On savait qu’Emmanuel Macron se moquait de la question du grand âge. On le savait depuis que, subrepticement, en 2021, il a totalement laissé tomber une réforme que sa propre majorité lui réclamait et que le Premier Ministre avait caractérisé comme le « marqueur social du quinquennat ». On en a eu une éclatante confirmation lorsque l’élection de 2022 joua le rôle d’ardoise magique. Vainqueur, Macron s’est entre temps délesté de cette trop lourde promesse : la loi Grand Âge a disparu des radars.

On a vu même entendu en juin dernier la porte-parole du Gouvernement expliquer que la réforme des retraites était indispensable… pour « financer de grandes priorités dont la question de l’autonomie et de la dépendance ». Et maintenant que la réforme des retraites est passée, évidemment plus aucune nouvelle de la réforme de la dépendance…

Ou plutôt si.
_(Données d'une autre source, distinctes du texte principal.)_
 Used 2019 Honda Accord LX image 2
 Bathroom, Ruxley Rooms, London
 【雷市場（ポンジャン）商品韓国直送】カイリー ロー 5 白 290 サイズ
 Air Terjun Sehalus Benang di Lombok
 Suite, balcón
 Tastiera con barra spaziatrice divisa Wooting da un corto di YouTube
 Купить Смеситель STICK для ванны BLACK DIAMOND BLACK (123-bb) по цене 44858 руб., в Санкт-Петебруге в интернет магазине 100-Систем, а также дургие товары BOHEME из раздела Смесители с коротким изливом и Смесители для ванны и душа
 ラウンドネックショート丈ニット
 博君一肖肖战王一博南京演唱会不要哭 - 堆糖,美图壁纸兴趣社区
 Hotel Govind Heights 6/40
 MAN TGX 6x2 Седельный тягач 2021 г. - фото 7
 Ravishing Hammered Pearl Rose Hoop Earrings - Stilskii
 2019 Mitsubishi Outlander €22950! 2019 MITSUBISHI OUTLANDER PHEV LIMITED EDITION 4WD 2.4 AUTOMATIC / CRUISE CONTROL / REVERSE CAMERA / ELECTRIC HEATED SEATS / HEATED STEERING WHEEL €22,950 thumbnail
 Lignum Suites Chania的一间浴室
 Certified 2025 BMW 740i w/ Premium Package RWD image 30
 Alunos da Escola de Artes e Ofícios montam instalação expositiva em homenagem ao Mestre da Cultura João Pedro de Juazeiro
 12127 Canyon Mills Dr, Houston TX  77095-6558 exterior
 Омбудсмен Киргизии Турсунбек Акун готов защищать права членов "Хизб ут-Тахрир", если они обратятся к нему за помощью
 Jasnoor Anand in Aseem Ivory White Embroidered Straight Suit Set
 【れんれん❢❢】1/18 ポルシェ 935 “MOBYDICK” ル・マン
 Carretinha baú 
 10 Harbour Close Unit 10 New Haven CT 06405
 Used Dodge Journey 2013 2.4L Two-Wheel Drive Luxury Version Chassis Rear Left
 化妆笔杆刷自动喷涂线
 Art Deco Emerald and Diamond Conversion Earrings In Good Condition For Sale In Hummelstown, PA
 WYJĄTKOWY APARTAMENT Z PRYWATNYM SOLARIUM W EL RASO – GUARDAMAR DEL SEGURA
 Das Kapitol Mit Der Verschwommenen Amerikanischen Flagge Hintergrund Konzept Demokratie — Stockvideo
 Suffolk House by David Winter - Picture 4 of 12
Aux frustrés colériques qui n’ont que le mot de « loi Grand Âge » à la bouche, le Ministre Jean-Christophe Combe a promis mieux, beaucoup mieux : une « réforme du grand âge » ! Sauf que la première brique de cette immense réforme a pris la forme d’une petite proposition de loi riquiqui. L’exploit, c’est d’avoir transformé le grand défi politique du vieillissement de la population en une loi indigne de cette ambition.

Évidemment on nous a sorti la théorie des petits pas. Quoi ? Comment s’insurger de la mise en œuvre d’une carte facilitant le stationnement des auxiliaires de vie, nous dit-on. Mais comment penser régler le tsunami démographique de 2030 avec une carte de stationnement, a-t-on envie de répondre ? Car au fond rien ne va dans cette PPL. Dénuée de souffle et de vision, elle enquille de surcroît des articles qui n’ont aucun sens (comme cette Conférence nationale de l’autonomie que personne à commencer par le Ministre lui-même n’a été capable d’expliquer ou de justifier ou l’affectation de 10% des bénéfices des groupes privés à l’amélioration du cadre de vie, mesure décrite comme un effort de « moralisation » d’un secteur à qui on fait payer les pots cassés de l’affaire Orpéa avec une démagogie sans bornes.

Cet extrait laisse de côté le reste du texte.